Mr. Savall stepped onto the early-music scene as a scholar and virtuoso four decades ago; his broader celebrity dates from 1992 and the release of Alain Corneau’s film “Tous les Matins du Monde.” It revolved around the French Baroque composer Marin Marais, whose austere meditations for viol are among the glories of a long-forgotten repertory. On screen Gérard Depardieu mimed the aged Marais at his instrument, but Mr. Savall’s hand drew the bow off camera. The soundtrack remains the No. 1 seller in the Alia Vox catalog, with 130,000 copies sold, a formidable figure in the niche within a niche of early music. Authenticity, in the sense of a materially accurate reconstruction of a past beyond recall, is seldom if ever Mr. Savall’s objective. “Music doesn’t have any lasting existence,” he said. “You can only play music of today.”

For the Jerusalem project he and his collaborators gathered musical impressions in the city’s synagogues and churches and in the Arab quarters. For “The Forgotten Kingdom” they traveled to Carcassonne and Montaillou in southern France, centers of the radically spiritual, ruthlessly suppressed Cathar faith.
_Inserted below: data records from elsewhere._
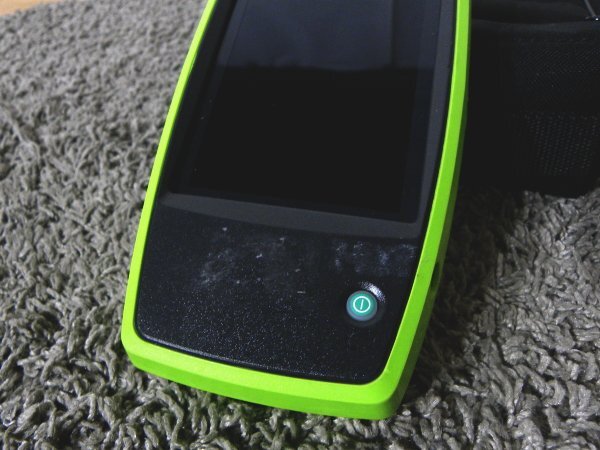 NETSCOUT AirCheck G2 Wireless Tester [p1211278347]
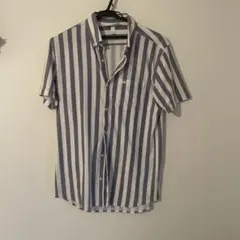 LACOSTE スリムフィット 半袖シャツ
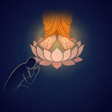Icon of program: Guru Dhigvandanam
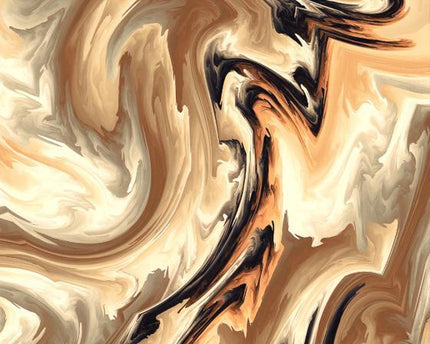 GSI 12x24 Porcelain Tile
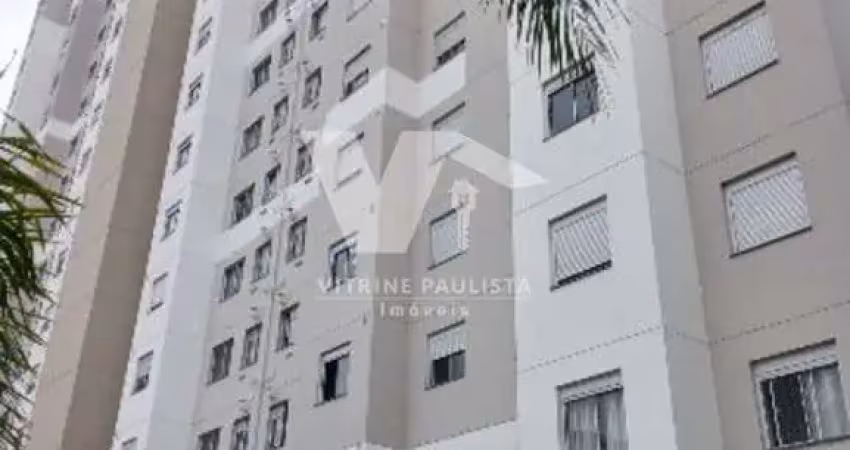 Apartamento no jardim américa da penha: 2 dormitórios, 2 salas, 1 banheiro, 1 vaga perto do shopping penha
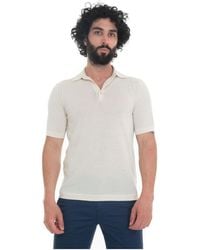 hindustrie - Polo Shirts - Lyst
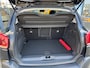 Citroën C3 Aircross 1.2 PureTech 110PK S&amp;S C-Series - stoelverwarm - trekhaak - all season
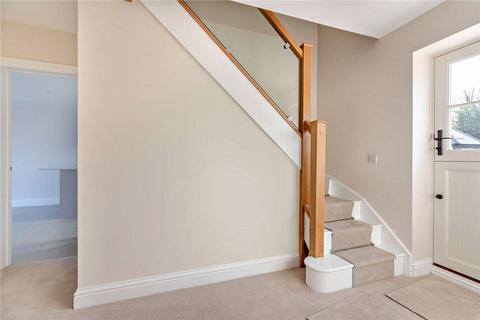 undefined, Ram Alley, Ashford Hill, Thatcham, Hampshire, RG19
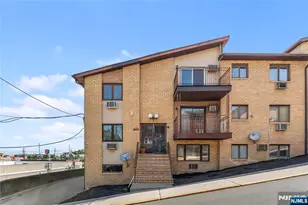1616 74th Street 206, North Bergen, NJ 07047 - Photo 2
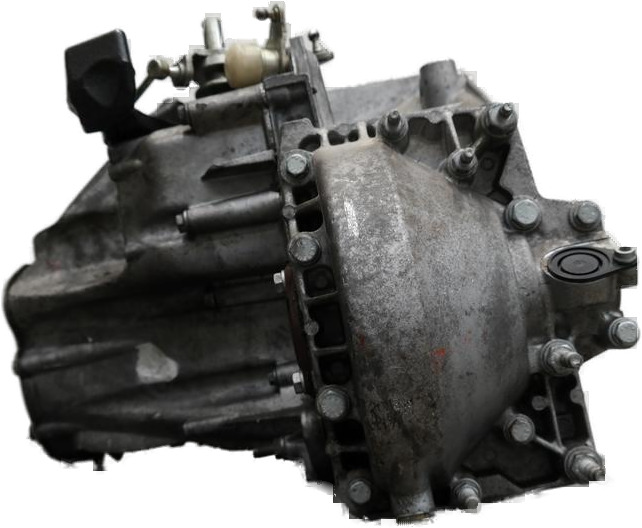 20MB18 0467261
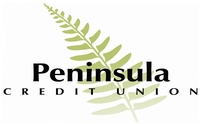 Peninsula Credit Union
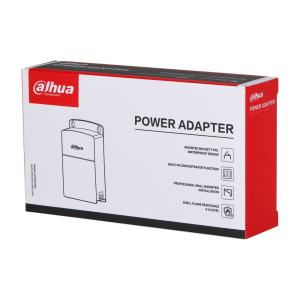 Блок питания Dahua PFM302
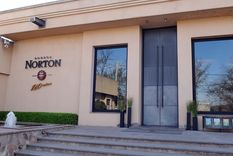 La tradicional bodega atraviesa un proceso judicial.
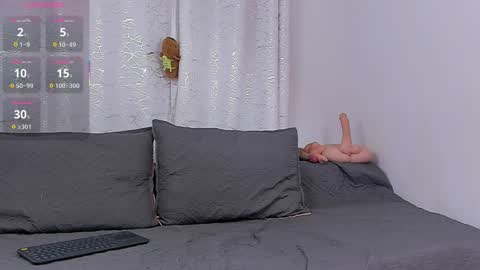 Lori Evans online show from 03/27/26, 08:26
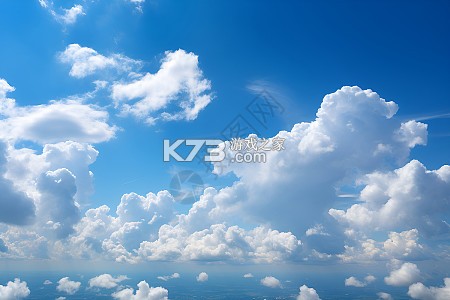 掌上租房 v1.0.7 下载安装app 截图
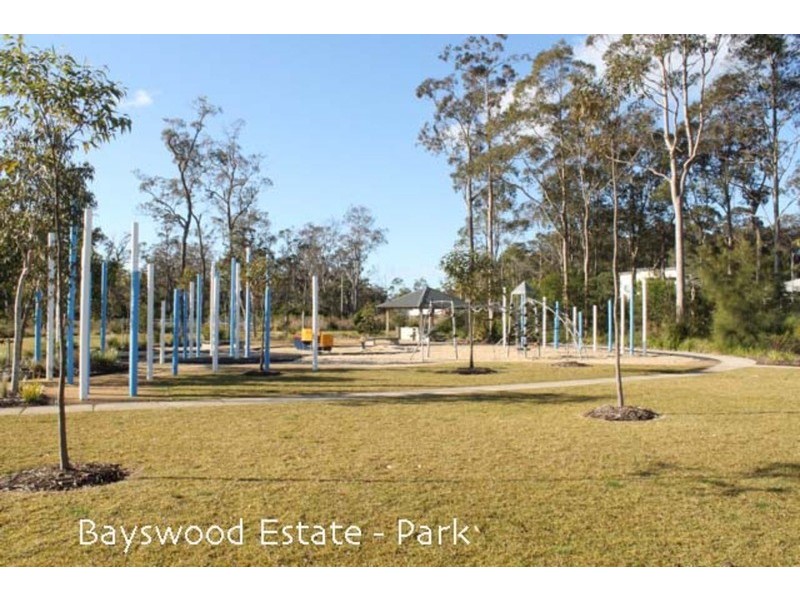 47 Halloran  Street, Vincentia NSW 2540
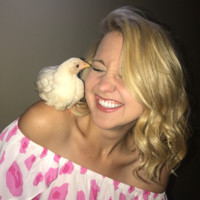 Victoria Fleck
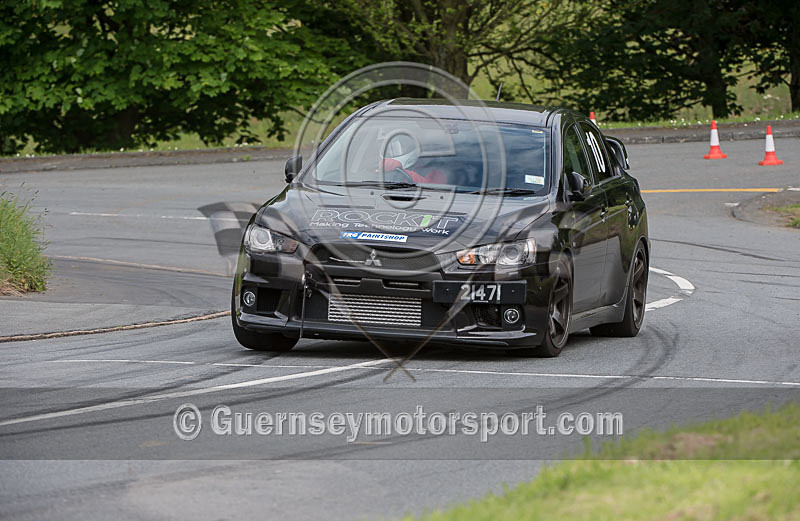 GKMC_Hill Climb_26-05-2014_Car-28 - CARS_26-05-2014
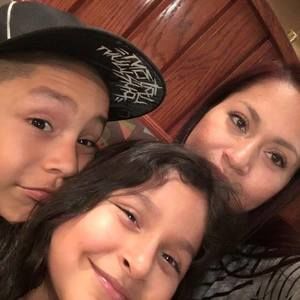 Meet your Posher, Deanna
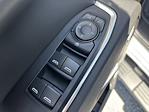 New 2025 GMC Sierra 1500 Elevation Crew Cab 4WD Pickup for sale #G04647 - photo 24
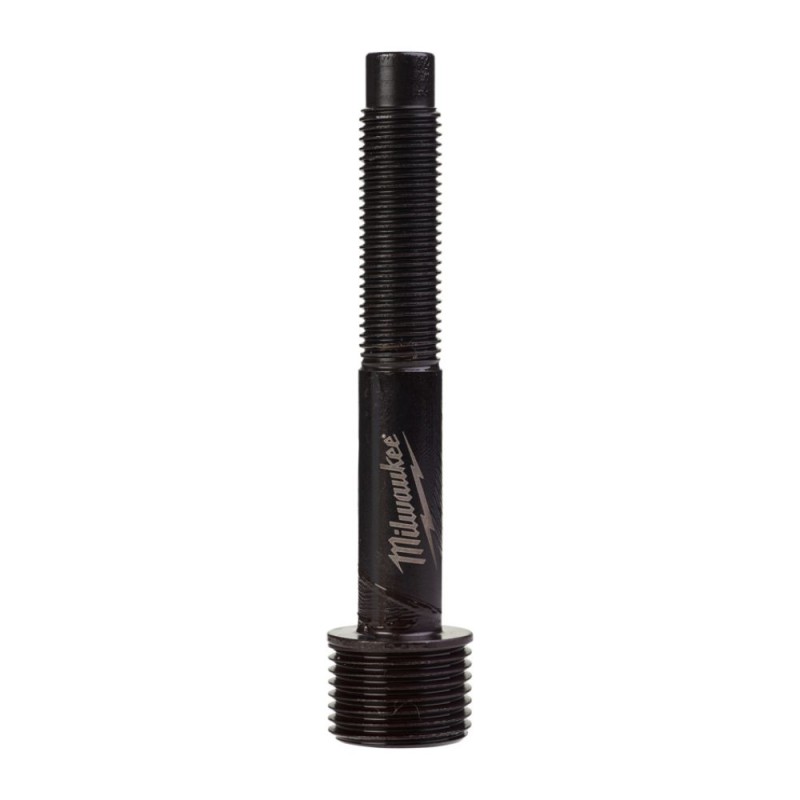 Dvipusio sriegio varžtas MILWAUKEE, 11,1 mm 1 Dvipusio sriegio varžtas MILWAUKEE, 11,1 mm 1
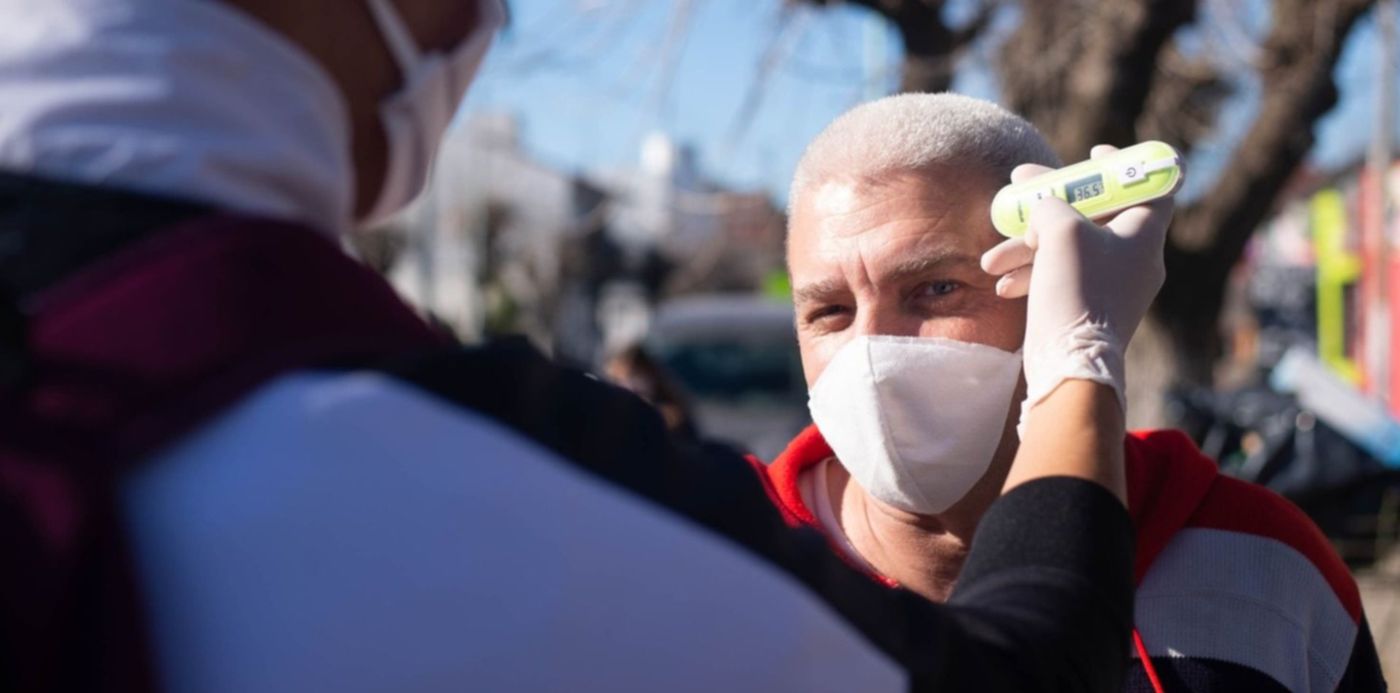 1590597429700.jpg?x=24&y=219&width=1473&height=736&rotate=0&scaleX=1&scaleY=1&ow=1500&oh=998&&cw=1920&ch=950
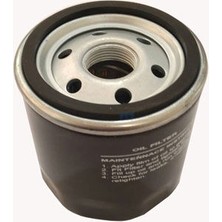 Psa Yag Fıltresı Metal Boxer Iıı Jumper Iıı 22DT Puma C81 110BG C96 130BG C110 150BG Euro5 Transıt V34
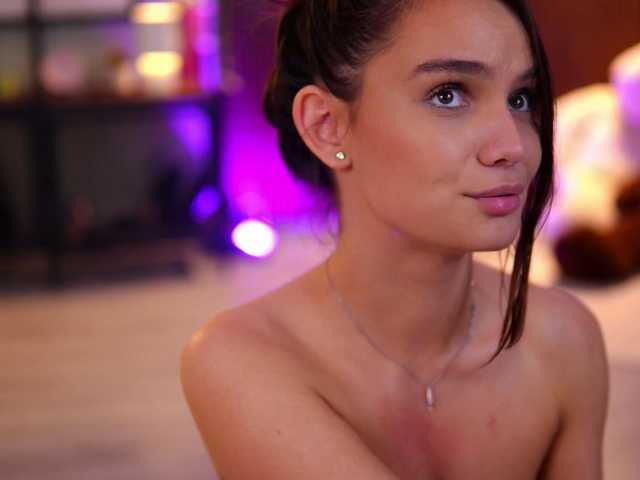 lenalaurent live sex show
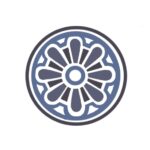 LOGO POSADA DE LA SILLERIA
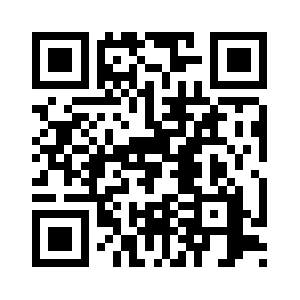 Sadbastardsongclub.com QR code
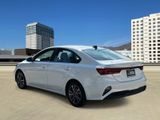 Used 2023 Kia Forte LXS image 3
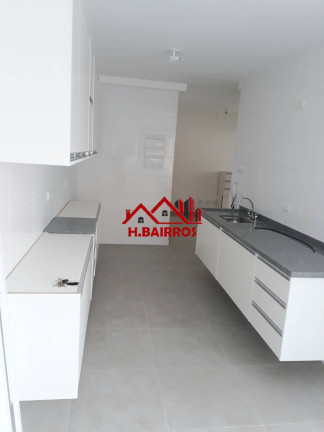 Imagem Apartamento com 2 Quartos para Alugar, 80 m² em Parque Residencial Aquarius - São José Dos Campos Imagem Apartamento com 2 Quartos para Alugar, 80 m² em Parque Residencial Aquarius - São José Dos Campos
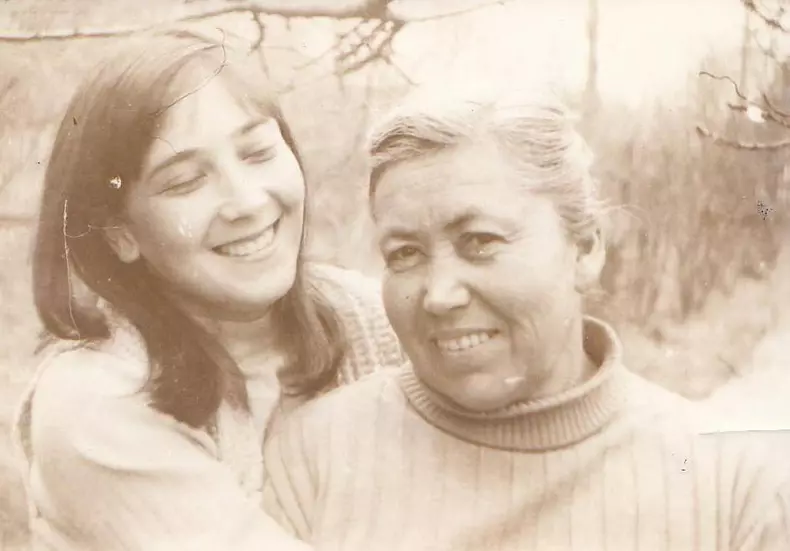 Cum arată Ileana Popovici 8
“Real life plays as important a role in our work as what we discover in libraries,” Mr. Savall said. “Real places help us understand many things that are not written in books. The process of discovery takes a long time. With study you can get close to ancient times, to feel how people sang and improvised long ago. But when we put all that together with our musicality, our taste, our fantasy, what you hear is something contemporary, the same as when you see living actors in a scene from ‘Hamlet.’ ”

The Argentine-born composer Osvaldo Golijov — no antiquarian, a multiculturalist with a vengeance and an avid collector of Alia Vox recordings — takes Mr. Savall’s work in just this spirit.

“I’m honestly not so interested in historical truth,” Mr. Golijov said from Boston. “But I do believe in the kind of poetic truth Aristotle speaks about. As a student I lived in Jerusalem for three years, and my world changed completely. You hear music all the time. The call of a muezzin from a minaret. Beautiful orthodox chants. There are so many monks, Greeks, Armenians. And the Sephardic Jews. All the cultures coexist. Listening to Savall’s recordings is like that, full of connections and differences.”

On another front, Mr. Savall has lately turned his attention to the intricate musicological questions of Bach’s B minor Mass, which he will record next year. Should the choruses be sung by minimal forces, as some have argued? Or are larger numbers appropriate? The Mass was not performed complete in Bach’s lifetime, so we cannot fall back on his practice (which might in any case have been determined by financial constraints as much as by artistic preference). In performances in Spain, Mr. Savall took no either-or position but deployed forces according to the character of the movement.

“Five solo singers singing with wonderful diction can bring an incredible richness of detail and emotion to the lightly scored sections,” he said. “The more heavily scored sections call for the brilliant, powerful sound of a larger ensemble. In the opening and closing numbers the soloists and chorus are combined. The many textures make the music very rich, very beautiful and musically very logical.”

But the joys of the canonical masterpieces will never keep the explorer and time traveler in Mr. Savall grounded for long. “With the B minor Mass or the Monteverdi ‘Vespro Della Beata Vergine,’ everything is decided for you,” he said. “Everything is very concrete. All you can work with is the way you perform it. Making ‘Jerusalem’ or ‘The Forgotten Kingdom’ or ‘Don Quixote’ is more like making a movie or a theater piece or writing a novel.

“Have I told you my dream? To create, with Montserrat and our collaborators, a quarterly magazine on the arts, theater, movies, dance, everything, distributed around the world in 12 languages. Our books are a step towards that reality.”